Laschets Motiv ist zwar erwägenswert: Er will Menschen zum Testen motivieren und so Infizierte ohne Symptome aufspüren. Für seine Behauptung jedoch, er erfülle damit einen "Auftrag" der MPK, findet sich auf keinem Fetzen Beschluss-Papier ein Beweis. Deshalb die Rüge der Mutter der Nation. Söder nutzte diese Vorlage prompt, um den Merkel-Erben zu geben ("Ich unterstütze die Kanzlerin") und zu sticheln, wie "sehr seltsam" es doch sei, dass der CDU-Vorsitzende mit der CDU-Kanzlerin streite. Tue man nicht!

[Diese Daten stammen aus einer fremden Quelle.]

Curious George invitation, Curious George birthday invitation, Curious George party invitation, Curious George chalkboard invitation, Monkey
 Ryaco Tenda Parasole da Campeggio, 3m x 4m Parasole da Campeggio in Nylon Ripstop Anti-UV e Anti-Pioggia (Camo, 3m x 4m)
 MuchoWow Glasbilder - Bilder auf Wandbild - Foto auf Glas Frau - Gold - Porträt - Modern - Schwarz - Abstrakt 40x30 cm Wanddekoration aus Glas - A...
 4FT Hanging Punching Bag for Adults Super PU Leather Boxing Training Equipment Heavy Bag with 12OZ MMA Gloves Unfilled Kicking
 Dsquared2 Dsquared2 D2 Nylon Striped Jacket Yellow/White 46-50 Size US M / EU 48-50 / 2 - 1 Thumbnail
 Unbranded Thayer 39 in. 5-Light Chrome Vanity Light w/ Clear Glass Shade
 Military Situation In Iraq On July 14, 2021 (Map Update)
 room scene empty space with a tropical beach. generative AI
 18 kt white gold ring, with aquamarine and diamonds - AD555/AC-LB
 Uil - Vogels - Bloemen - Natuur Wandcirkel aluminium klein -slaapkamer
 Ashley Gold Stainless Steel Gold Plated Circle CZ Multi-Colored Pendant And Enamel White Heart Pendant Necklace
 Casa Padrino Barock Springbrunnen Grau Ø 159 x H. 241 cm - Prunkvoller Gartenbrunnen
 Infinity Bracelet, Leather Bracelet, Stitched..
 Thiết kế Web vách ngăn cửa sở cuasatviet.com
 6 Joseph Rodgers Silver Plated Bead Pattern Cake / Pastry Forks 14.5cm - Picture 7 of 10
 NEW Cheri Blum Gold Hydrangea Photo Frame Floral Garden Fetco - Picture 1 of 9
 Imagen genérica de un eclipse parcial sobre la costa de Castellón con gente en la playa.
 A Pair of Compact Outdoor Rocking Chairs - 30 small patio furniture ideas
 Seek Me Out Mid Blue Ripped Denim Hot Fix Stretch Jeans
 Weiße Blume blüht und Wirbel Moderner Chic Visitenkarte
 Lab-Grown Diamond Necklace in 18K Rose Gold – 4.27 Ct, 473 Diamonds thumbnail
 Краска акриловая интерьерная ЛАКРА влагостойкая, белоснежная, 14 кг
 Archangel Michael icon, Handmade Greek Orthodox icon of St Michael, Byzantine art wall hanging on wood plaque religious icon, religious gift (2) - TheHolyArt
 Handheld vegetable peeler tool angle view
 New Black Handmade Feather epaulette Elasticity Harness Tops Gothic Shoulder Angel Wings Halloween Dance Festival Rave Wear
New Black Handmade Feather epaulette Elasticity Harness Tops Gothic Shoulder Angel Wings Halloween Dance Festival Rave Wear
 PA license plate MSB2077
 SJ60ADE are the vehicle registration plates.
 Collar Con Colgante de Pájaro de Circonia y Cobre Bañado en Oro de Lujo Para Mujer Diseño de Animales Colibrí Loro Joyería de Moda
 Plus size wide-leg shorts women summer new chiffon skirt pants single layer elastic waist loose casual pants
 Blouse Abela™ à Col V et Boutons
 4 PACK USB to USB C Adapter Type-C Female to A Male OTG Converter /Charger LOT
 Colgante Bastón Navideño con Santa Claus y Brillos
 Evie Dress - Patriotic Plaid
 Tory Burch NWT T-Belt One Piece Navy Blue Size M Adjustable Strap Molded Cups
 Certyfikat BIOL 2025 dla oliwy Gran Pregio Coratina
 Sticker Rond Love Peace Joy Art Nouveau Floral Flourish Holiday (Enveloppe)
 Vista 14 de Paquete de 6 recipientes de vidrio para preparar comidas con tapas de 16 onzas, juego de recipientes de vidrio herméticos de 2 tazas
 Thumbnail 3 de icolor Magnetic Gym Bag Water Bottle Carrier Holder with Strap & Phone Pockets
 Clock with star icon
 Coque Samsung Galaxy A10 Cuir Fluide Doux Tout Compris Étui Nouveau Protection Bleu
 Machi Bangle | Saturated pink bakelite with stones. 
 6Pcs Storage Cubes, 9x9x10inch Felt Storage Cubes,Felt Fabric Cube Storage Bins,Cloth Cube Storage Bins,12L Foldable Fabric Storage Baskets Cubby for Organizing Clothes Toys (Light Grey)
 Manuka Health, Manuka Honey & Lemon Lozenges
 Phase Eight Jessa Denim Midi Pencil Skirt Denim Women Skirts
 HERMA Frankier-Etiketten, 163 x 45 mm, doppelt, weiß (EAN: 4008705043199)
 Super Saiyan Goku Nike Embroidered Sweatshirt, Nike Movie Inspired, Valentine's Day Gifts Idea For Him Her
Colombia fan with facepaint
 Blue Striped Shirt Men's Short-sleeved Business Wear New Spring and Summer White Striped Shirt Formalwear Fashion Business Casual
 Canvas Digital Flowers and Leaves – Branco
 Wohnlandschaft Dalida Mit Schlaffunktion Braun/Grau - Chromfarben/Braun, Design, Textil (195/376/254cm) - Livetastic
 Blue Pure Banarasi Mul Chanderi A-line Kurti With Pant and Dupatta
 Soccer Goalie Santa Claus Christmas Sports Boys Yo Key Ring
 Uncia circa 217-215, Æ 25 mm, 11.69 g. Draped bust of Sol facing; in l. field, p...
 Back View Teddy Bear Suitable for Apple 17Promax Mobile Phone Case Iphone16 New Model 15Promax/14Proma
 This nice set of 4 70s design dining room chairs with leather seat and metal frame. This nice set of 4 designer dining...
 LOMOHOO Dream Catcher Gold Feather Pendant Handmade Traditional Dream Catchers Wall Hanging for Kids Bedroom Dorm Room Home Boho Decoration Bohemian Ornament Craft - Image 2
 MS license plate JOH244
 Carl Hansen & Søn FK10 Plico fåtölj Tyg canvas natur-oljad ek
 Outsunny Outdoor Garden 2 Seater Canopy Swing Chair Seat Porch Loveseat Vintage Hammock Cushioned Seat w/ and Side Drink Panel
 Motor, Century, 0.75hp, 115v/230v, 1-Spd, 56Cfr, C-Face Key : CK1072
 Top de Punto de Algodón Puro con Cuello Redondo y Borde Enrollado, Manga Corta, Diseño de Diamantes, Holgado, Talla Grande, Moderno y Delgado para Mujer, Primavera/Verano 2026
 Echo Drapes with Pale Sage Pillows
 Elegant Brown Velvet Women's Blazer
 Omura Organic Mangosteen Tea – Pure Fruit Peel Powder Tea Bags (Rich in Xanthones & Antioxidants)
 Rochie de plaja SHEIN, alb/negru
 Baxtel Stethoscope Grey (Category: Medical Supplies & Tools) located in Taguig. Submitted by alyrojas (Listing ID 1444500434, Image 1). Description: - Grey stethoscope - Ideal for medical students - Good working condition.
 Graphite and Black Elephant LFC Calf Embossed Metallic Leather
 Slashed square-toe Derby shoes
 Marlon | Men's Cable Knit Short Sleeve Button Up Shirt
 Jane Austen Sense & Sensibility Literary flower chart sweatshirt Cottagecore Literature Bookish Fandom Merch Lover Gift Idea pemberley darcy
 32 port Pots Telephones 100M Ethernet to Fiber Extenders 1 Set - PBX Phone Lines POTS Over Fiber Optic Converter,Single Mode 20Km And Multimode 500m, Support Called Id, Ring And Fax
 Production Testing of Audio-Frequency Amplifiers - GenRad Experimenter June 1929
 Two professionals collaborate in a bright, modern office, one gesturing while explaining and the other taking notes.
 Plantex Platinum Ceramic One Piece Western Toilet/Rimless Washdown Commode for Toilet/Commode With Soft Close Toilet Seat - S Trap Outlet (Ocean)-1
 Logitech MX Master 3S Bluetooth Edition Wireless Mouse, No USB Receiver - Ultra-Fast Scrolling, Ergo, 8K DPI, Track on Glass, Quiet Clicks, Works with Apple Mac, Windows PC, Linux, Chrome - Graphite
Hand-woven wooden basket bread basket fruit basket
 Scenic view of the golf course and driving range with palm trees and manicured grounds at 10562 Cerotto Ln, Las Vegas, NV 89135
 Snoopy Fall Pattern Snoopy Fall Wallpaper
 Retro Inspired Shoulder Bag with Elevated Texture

Kurz darauf reibt man sich die Augen: Auftritt von Söder, dem Plagiator. Der Bayer übernimmt quasi per Copy and Paste die gescholtene NRW-Mutante der Notbremse - und beteuert leutselig, in den trickreich geöffneten Geschäften lauere ja "mit Abstand das geringste Infektionsrisiko". Solcherlei Dreistigkeit riskiert nur, wer sich unverletzlich wähnt. "Quod licet Iovi, non licet bovi," reimten die Römer: "Was dem Jupiter erlaubt ist, ist dem Ochsen nicht erlaubt." Laschet mag mal wieder der Dumme sein - aber für was hält sich Söder?